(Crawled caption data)
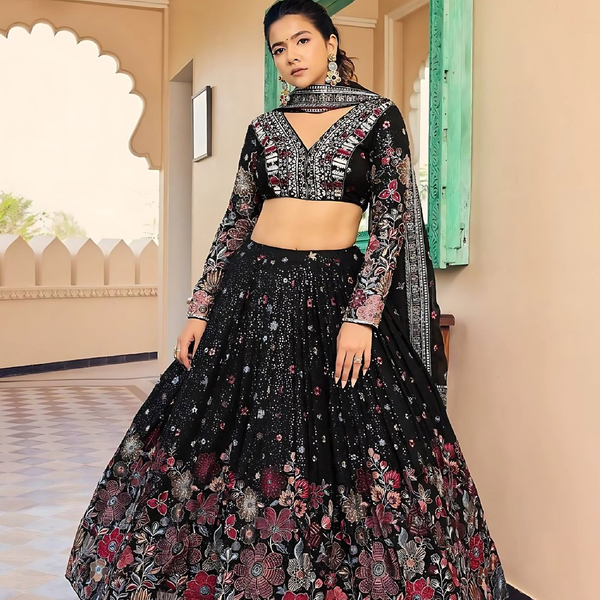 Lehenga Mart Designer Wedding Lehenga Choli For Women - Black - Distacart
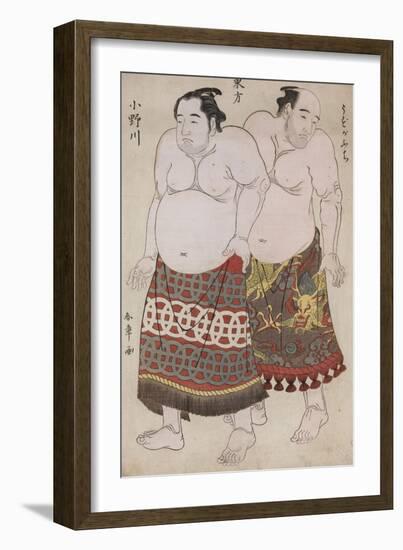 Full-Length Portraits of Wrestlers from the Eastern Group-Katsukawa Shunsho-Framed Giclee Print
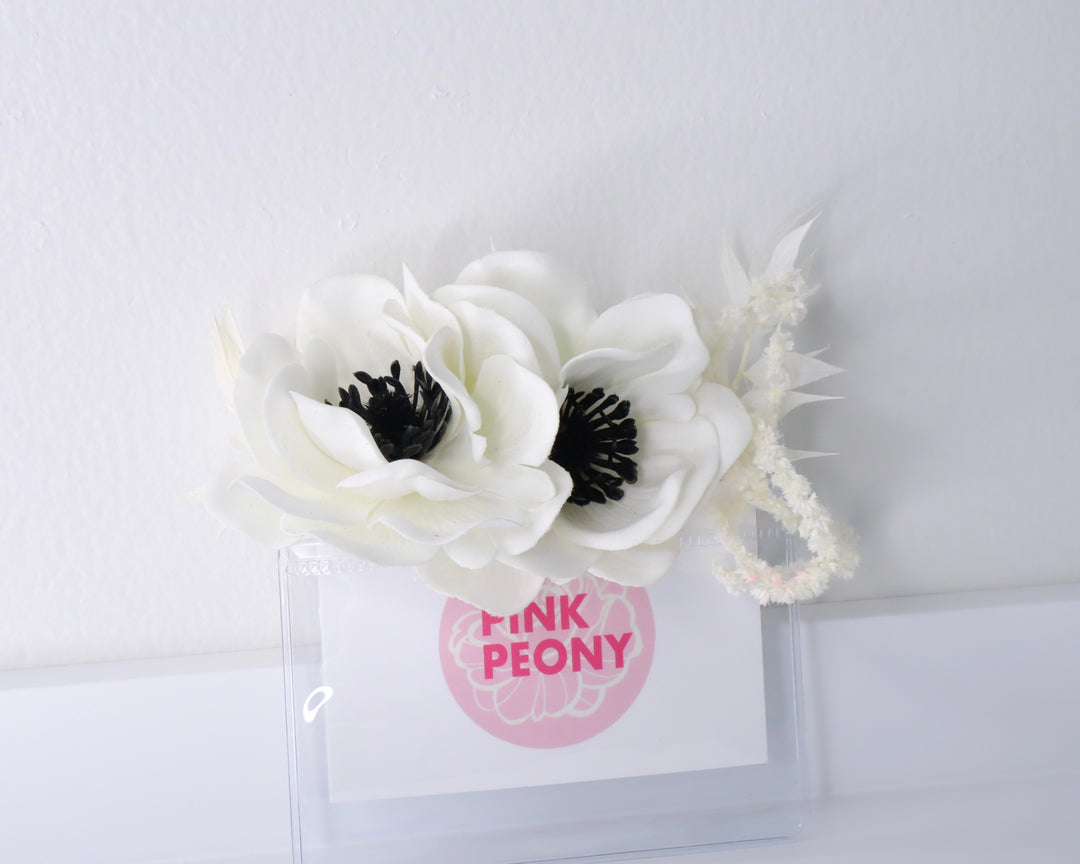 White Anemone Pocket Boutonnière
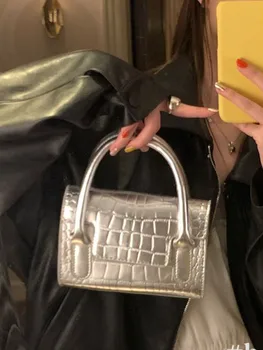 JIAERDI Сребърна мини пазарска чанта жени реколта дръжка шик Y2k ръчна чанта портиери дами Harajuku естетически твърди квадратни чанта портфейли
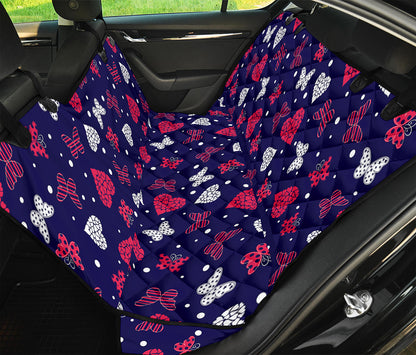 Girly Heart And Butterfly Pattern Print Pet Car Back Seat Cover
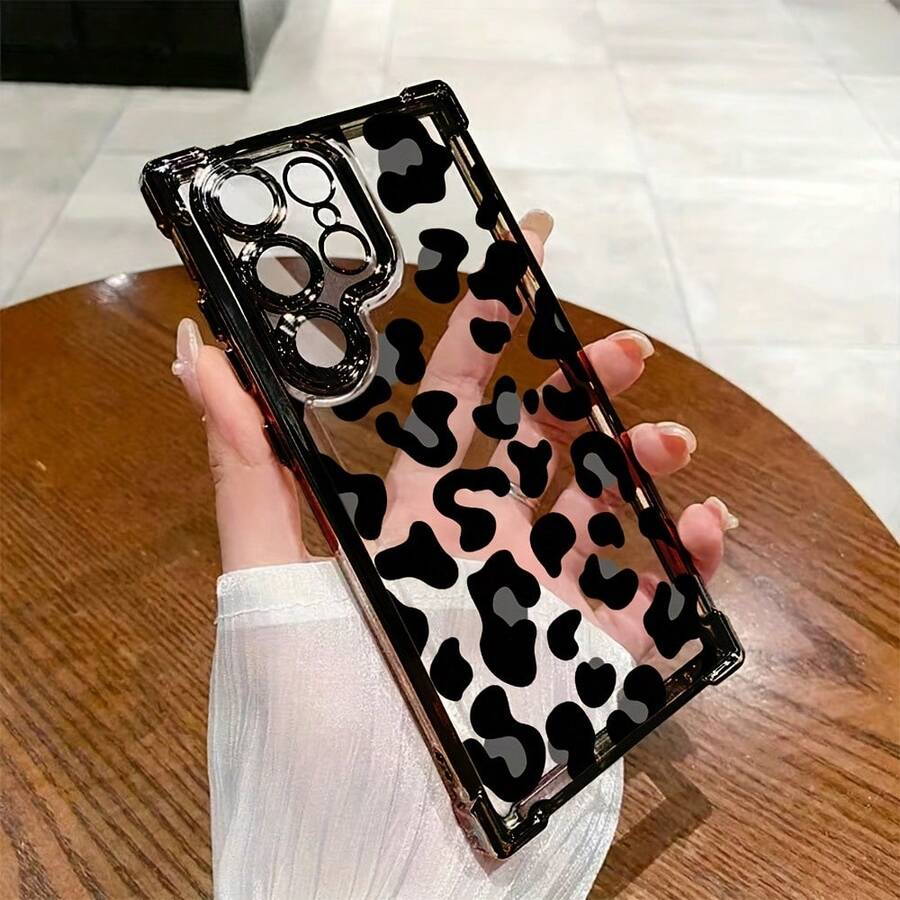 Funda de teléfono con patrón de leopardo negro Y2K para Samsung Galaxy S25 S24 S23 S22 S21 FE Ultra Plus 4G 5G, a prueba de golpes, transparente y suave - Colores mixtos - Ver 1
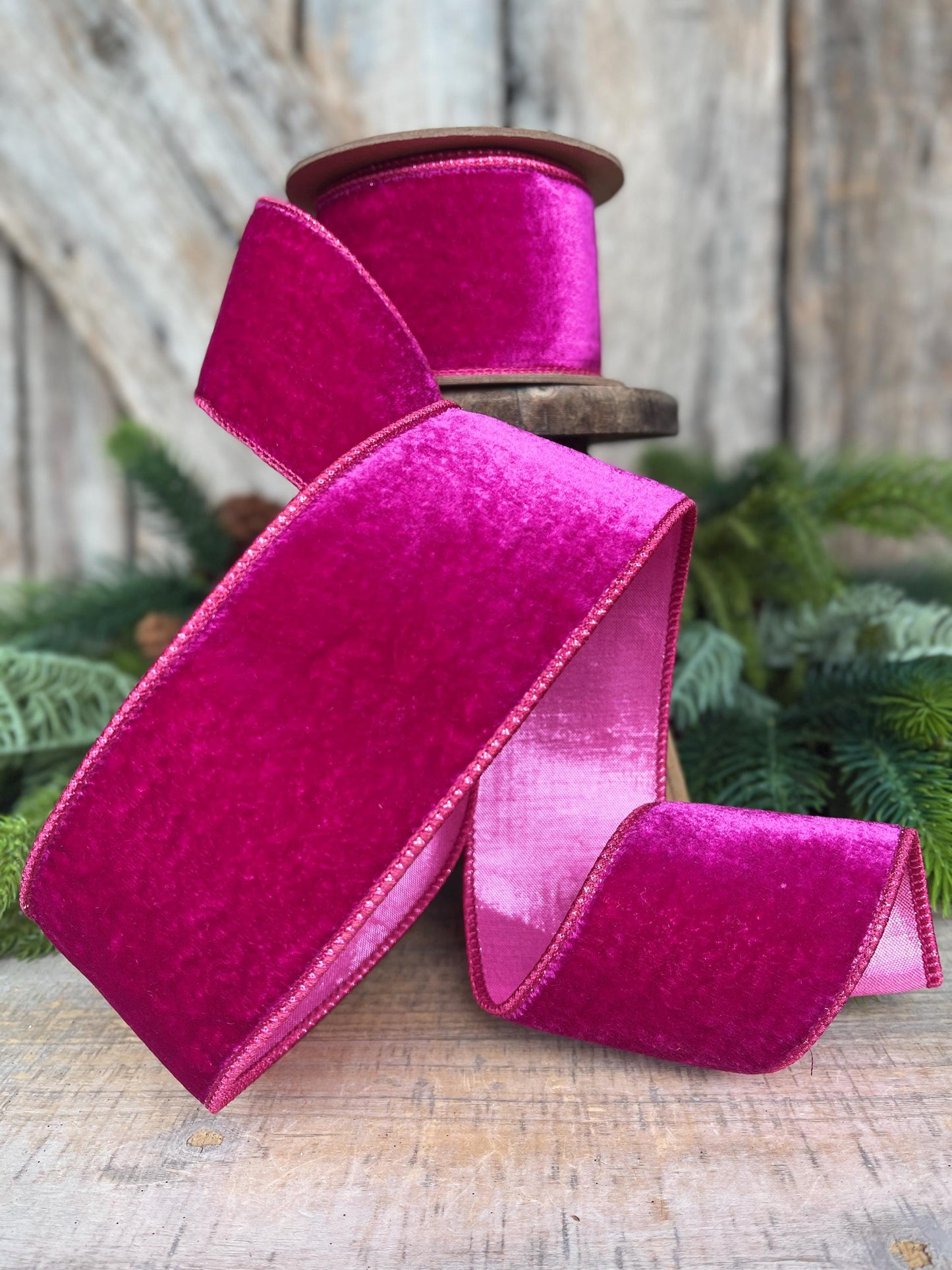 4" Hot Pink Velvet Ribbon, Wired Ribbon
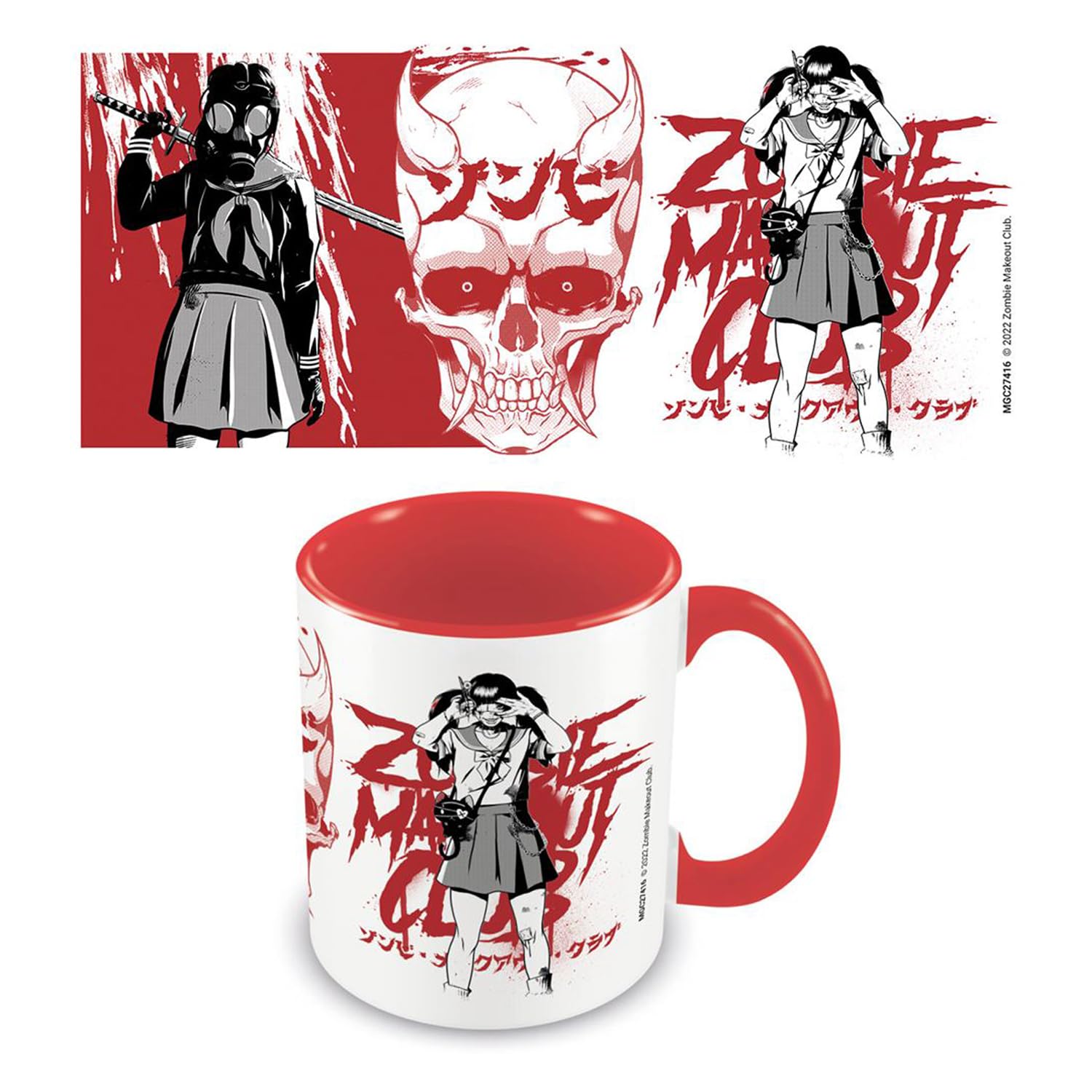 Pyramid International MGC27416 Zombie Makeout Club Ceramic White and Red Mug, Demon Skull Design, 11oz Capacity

■ **Task details**
Excluding all pictures, output exactly the lines from the line containing "JIAERDI Сребърна мини" through the last line of the entries above.

■ **Solution for this task**
 JIAERDI Сребърна мини пазарска чанта жени реколта дръжка шик Y2k ръчна чанта портиери дами Harajuku естетически твърди квадратни чанта портфейли
 Girly Heart And Butterfly Pattern Print Pet Car Back Seat Cover
 Funda de teléfono con patrón de leopardo negro Y2K para Samsung Galaxy S25 S24 S23 S22 S21 FE Ultra Plus 4G 5G, a prueba de golpes, transparente y suave - Colores mixtos - Ver 1
 4" Hot Pink Velvet Ribbon, Wired Ribbon
 Pyramid International MGC27416 Zombie Makeout Club Ceramic White and Red Mug, Demon Skull Design, 11oz Capacity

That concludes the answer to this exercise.